Water calathea with soft or filtered water (see above) when the top inch of soil is dry. It prefers consistent moisture — not soggy, but never fully dried out. Unlike drought-tolerant plants, calathea’s fine root structure does not hold water reserves well, and drying out completely damages the root hairs and causes stress visible in the leaves.

In summer, this is typically every five to seven days. In winter, ten to fourteen days. Always check the soil rather than following a fixed schedule — UK winter conditions mean soil dries much more slowly than in summer.

Do not leave calathea sitting in water — empty the saucer after twenty minutes. Wet feet in cool temperatures are a reliable route to root rot.

Temperature

Calathea prefers 18–27°C and is damaged by cold. Keep away from cold draughts — calathea near a draughty sash window in winter will show cold damage (dark, water-soaked patches on the leaves) quickly. Do not place in an unheated room or conservatory through winter.

Temperature fluctuations stress calathea more than most houseplants. A consistent, draught-free position at normal room temperature is what it needs.

Soil and Repotting

Use a well-draining, moisture-retentive mix: peat-free multipurpose compost with added perlite (around 20%) is suitable. The soil should hold some moisture but drain well enough that it doesn’t stay wet for days after watering.

Calathea doesn’t need frequent repotting and tends to be slightly sensitive to the disturbance. Repot in spring only when clearly pot-bound — when roots are circling the base of the pot or the plant is drying out very rapidly after watering. Move up only one pot size.

The Prayer Plant Movement

The leaf movement — technically called nyctinasty — is driven by changes in water pressure in specialised cells at the base of each leaf stem (the pulvinus). As light fades, these cells change their water pressure balance, causing the leaf to fold upward. In the morning, they refill and the leaf opens flat again.2

If your calathea’s leaves have stopped moving, the most common causes are: insufficient light (the movement is driven by the light-dark cycle), very dry air reducing the water pressure in the pulvinus, or root stress. A calathea that moves consistently is, in my experience, the single most reliable sign the plant is in genuinely good health.

Common Problems

Brown leaf edges: Almost always hard water or fluoride accumulation, or low humidity. Switch to rainwater or filtered water, and increase humidity. This is the defining UK problem with calathea.
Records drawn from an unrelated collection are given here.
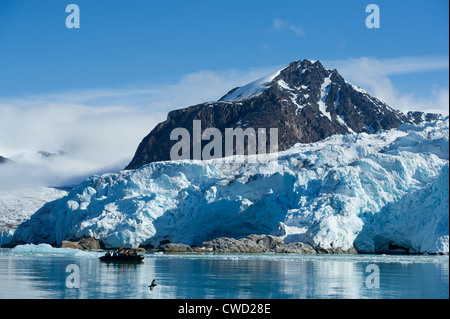 Zodiac crociera al ghiacciaio Smeerenburg, Spitsbergen, Svalbard, Arctic Foto Stock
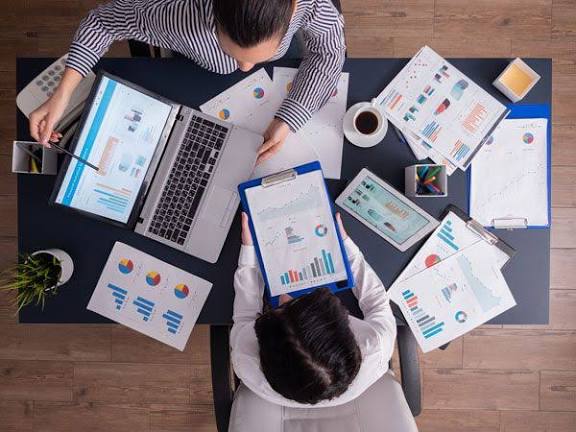 چرا کسب‌وکار شما در رشت به آژانس دیجیتال مارکتینگ نیاز دارد؟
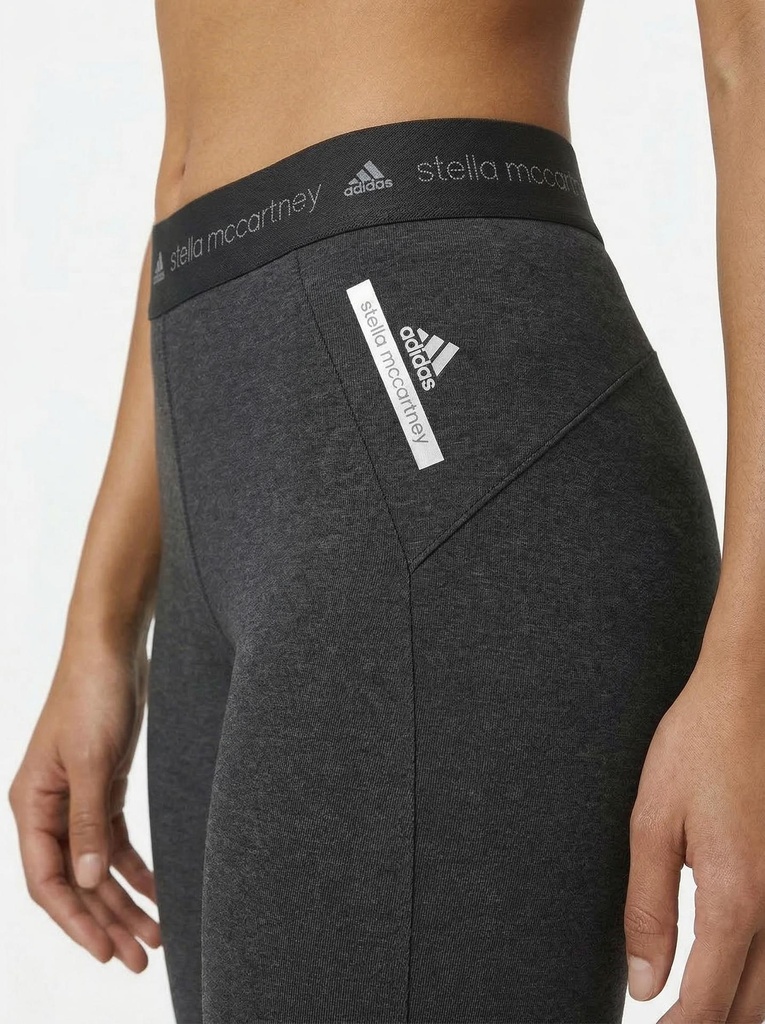 OPUS-تفاصيل الشعار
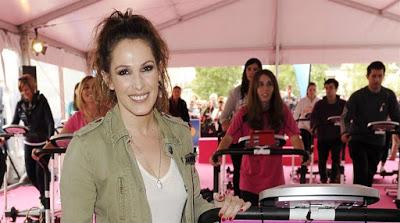 Malú presenta su reto de 'Carretera y Manta'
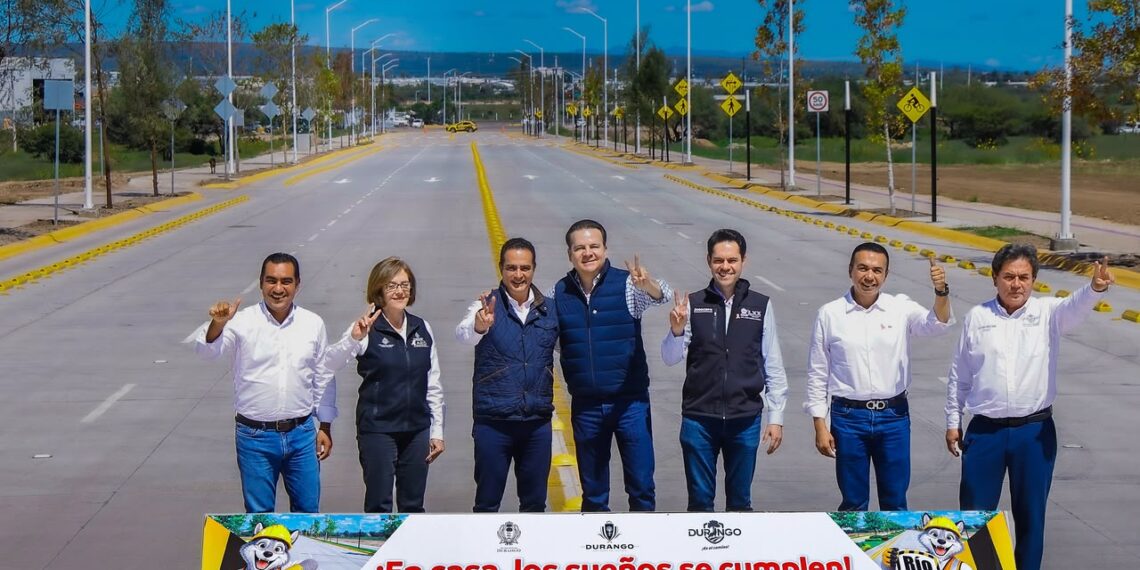 ¡Entregan Esteban y Toño 3a etapa de Río Grande!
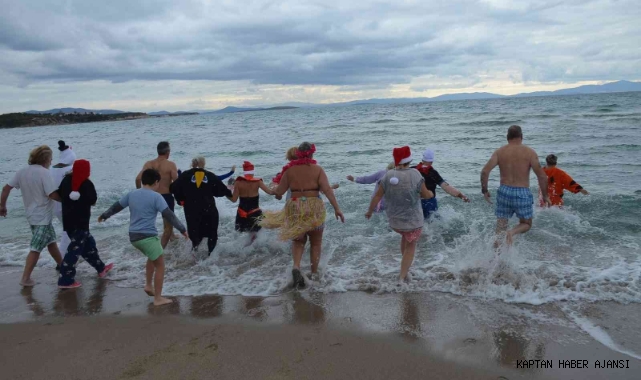 Didim'de geleneksel sokak hayvanları etkinliği için denize girildi!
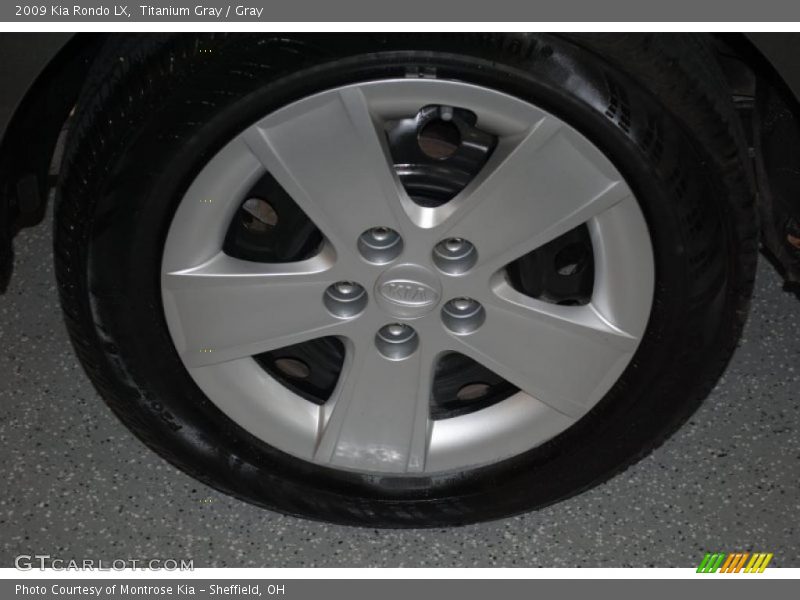 Titanium Gray / Gray 2009 Kia Rondo LX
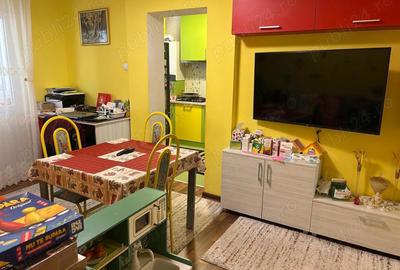 Apartament cu 3 camere semidecomandat în Central - 3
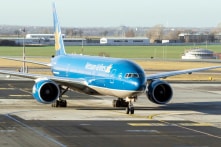 Vietnam Airlines sẽ bán máy bay, thoái vốn để thoát lỗ trong năm 2022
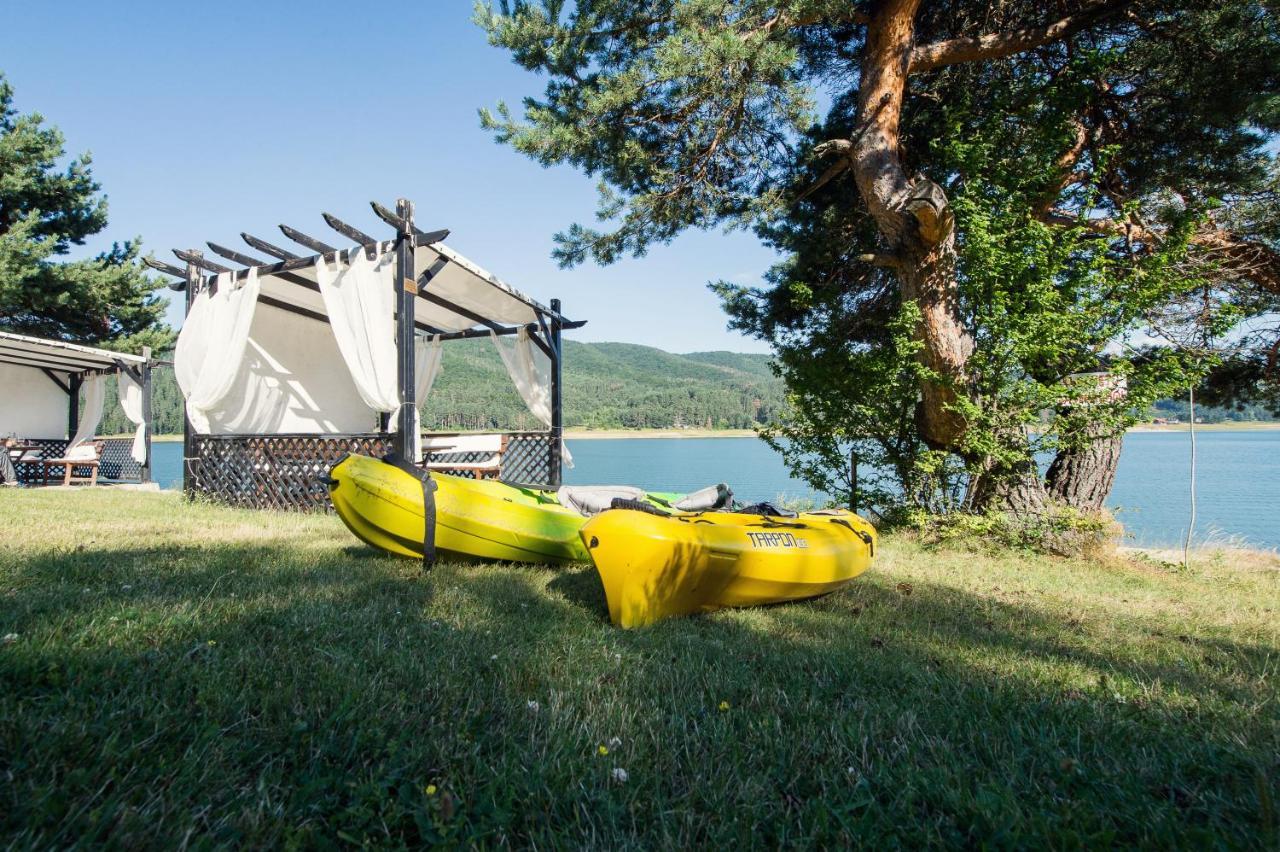 Family Hotel Hebar Batak Eksteriør billede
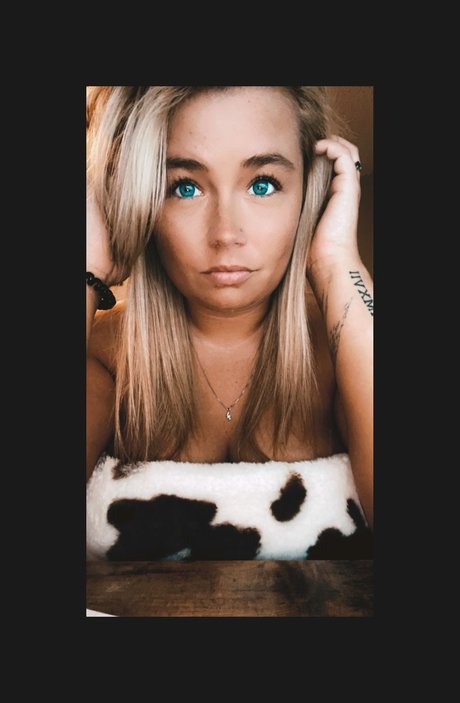 _American Honey_ ヌードのポルノスター 写真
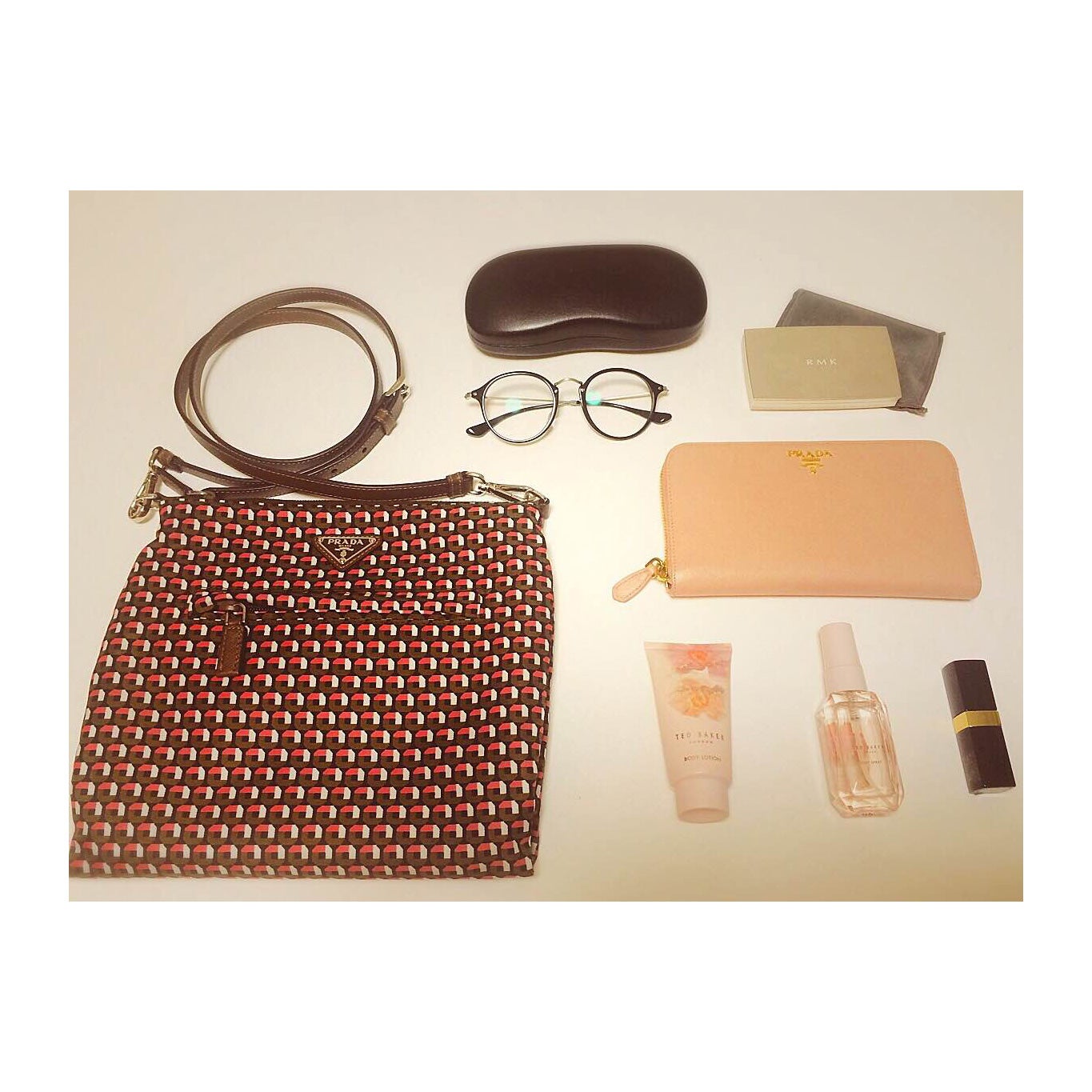 カバンの中身を特別公開！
Yellowing leaves: Overwatering is most likely. Reduce watering frequency and check for root rot.

Pale or bleached leaves: Too much light, or direct sun. Move further from the light source.

Leaves rolling or curling: The plant is too dry or too cold. Check soil moisture and temperature; move away from draughts.

Leaves not moving: Insufficient light contrast between day and night, or the plant is too stressed by other conditions to maintain the nyctinastic response. Address the most obvious care issue first.

New leaves emerging with brown edges already: Low humidity — the leaf is forming in dry air before it’s even fully open. This requires a humidifier to properly fix.

Footnotes

  1. Royal Horticultural Society (2024). ‘Calathea’. Available at rhs.org.uk/plants/calathea/growing-guide. The RHS specifically notes fluoride sensitivity in Calathea (and Goeppertia) species and recommends soft water or rainwater, citing leaf tip browning as the primary symptom of fluoride accumulation in hard water areas.

  2. Antkowiak, B. & Engelmann, W. (1995). ‘Oscillations of apoplasmic K⁺ and H⁺ activities in pulvini of Desmodium motorium’. Journal of Experimental Botany, 46(6), pp. 847–856. The biochemical mechanism of nyctinasty — potassium ion flux between flexor and extensor cells in the pulvinus — is established across the Marantaceae family to which Calathea/Goeppertia belongs. The movement is light-entrained and dependent on healthy, hydrated pulvinus cells.